Le PLR doit agir avec prudence
Le politologue Michael Hermann ne partage que partiellement cette appréciation. «C'est la bonne cause pour le bon parti.» Mais si le PLR veut compter parmi les vainqueurs des élections d'octobre, il doit aussi marquer des points au-delà de sa zone de confort.
C'est justement pour les électeurs et électrices qu'il souhaite détourner de l'UDC que cette initiative a un effet plutôt dissuasif. Il n'est donc pas très utile que le président du parti, Thierry Burkart, veuille pêcher dans cet étang avec sa ligne plus dure en matière d'asile.
Sa prédécesseure a fait naufrage lorsqu'elle a tenté de faire de même de l'autre côté. Avant les élections de 2019, Petra Gössi s'était montrée très respectueuse de l'environnement – les voix progressistes sont toutefois allées aux Vert'libéraux. «Il ne faut pas occuper des thèmes que d'autres maîtrisent mieux», explique Michael Hermann.
Un no-go pour les Vert-e-s
Pour la gauche, l'initiative sur les retraites est un cadeau qu'elle accepte volontiers. Le président des Vert-e-s Balthasar Glättli le dit plus élégamment: «Bien sûr, nous n'allons pas passer sous silence ce sujet par égard pour nos adversaires politiques», mais nous n'allons pas non plus ménager l'UDC et les Vert'libéraux. Ceux-ci ont montré leur vrai visage en soutenant initialement un contre-projet au Parlement.

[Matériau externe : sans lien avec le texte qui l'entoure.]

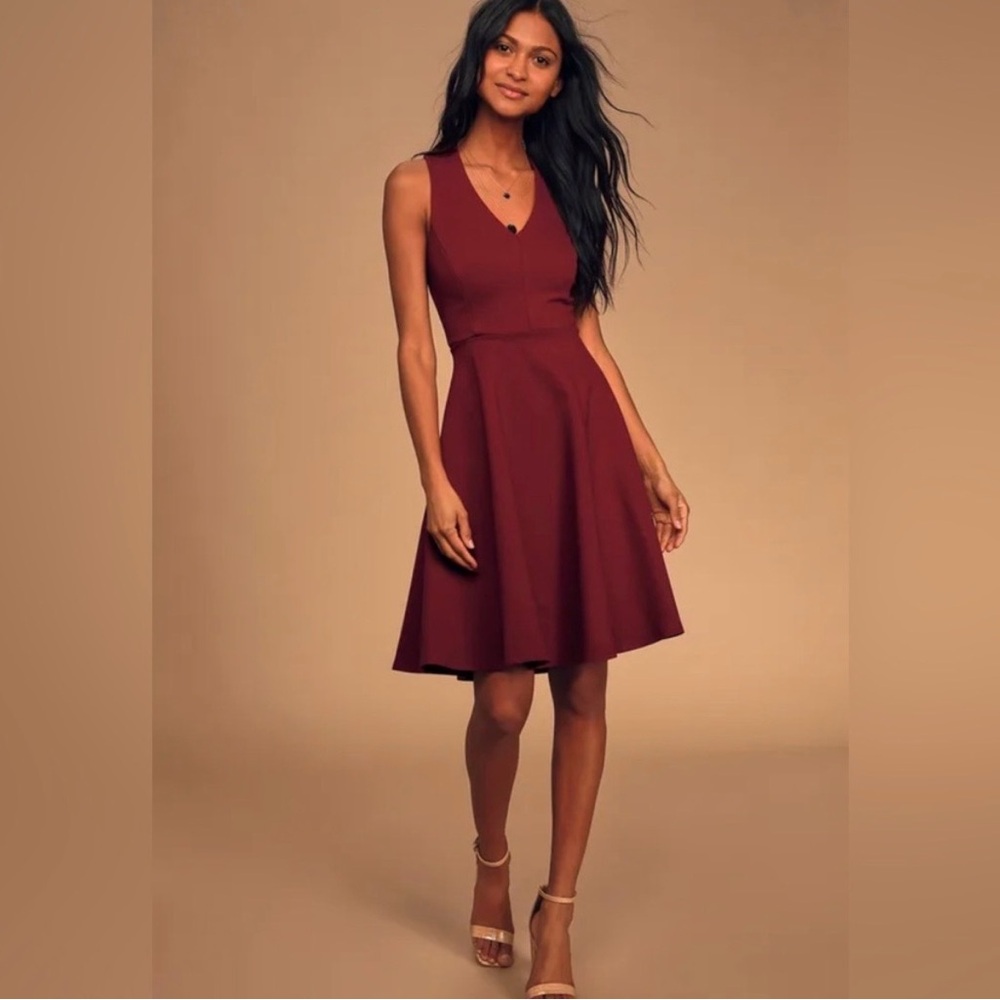 Elegant Burgundy Sleeveless Dress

Pour les Vert-e-s, un relèvement automatique de l'âge de la retraite ne sera jamais envisageable. «Nous acceptons ce cadeau, déclare Balthasar Glättli. Les bourgeois ne se sortiront pas de cette affaire de sitôt.»
L'AVS est malmenée par le PLR
Mattea Meyer, coprésidente du PS, préférerait, elle aussi, ne pas être à la place des libéraux-radicaux dans les mois à venir. «Ils savent que leur demande n'a aucune chance dans les urnes», explique la conseillère nationale zurichoise. Le Conseil fédéral élaborera de toute façon une nouvelle réforme d'ici 2026.

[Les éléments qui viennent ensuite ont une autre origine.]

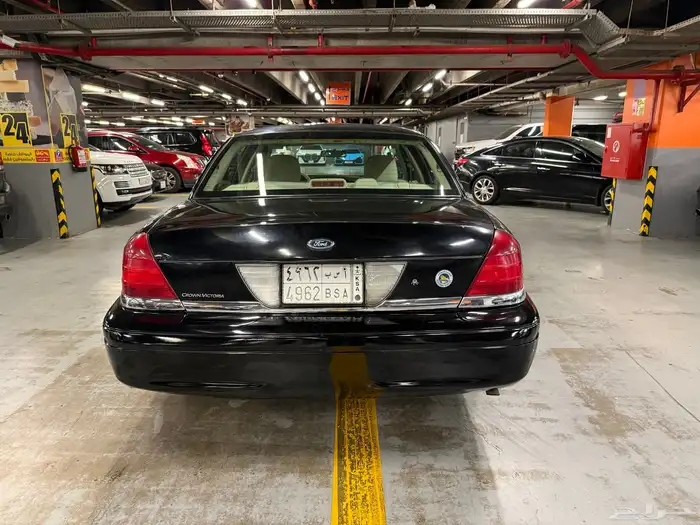 للبيع فورد كراون فكتوريا 2008 مدني جامعة ابهاء 3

Le PLR ne parle mal de l'AVS que pour faire peur aux gens et les convaincre d'investir dans des produits de prévoyance privés. «C'est là que les assurances gagnent de l'argent», critique Mattea Meyer. La ligne dure adoptée par ledit parti en matière de prévoyance ou d'asile est une tentative de copier l'UDC selon la socialiste. Il est pourtant clair que «faire de l'imitation aide toujours l'original».
Vendredi, les jeunes libéraux-radicaux ont symboliquement enterré l'AVS sur la Place fédérale. On a eu l'impression que les initiateurs eux-mêmes ne croyaient plus à leur mesure de résurrection.